═══ Dataset content
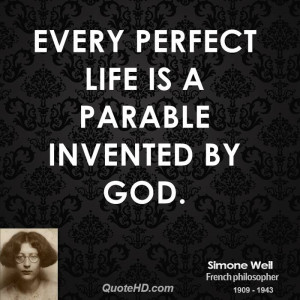Every perfect life is a parable invented by God.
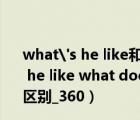 what's he like和what does he like有什么區(qū)別（what is he like what does he like和what does he look like的區(qū)別_360）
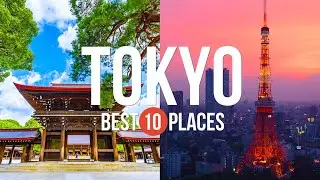 10 Must Visit Pkaces in Tokyo！Tokyo Travel Guide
══════
What needs to be done
Print the listing again exactly as it appears, except for the pictures, which stay out.

Solution to this exercise
Every perfect life is a parable invented by God.
 what's he like和what does he like有什么區(qū)別（what is he like what does he like和what does he look like的區(qū)別_360）
 10 Must Visit Pkaces in Tokyo！Tokyo Travel Guide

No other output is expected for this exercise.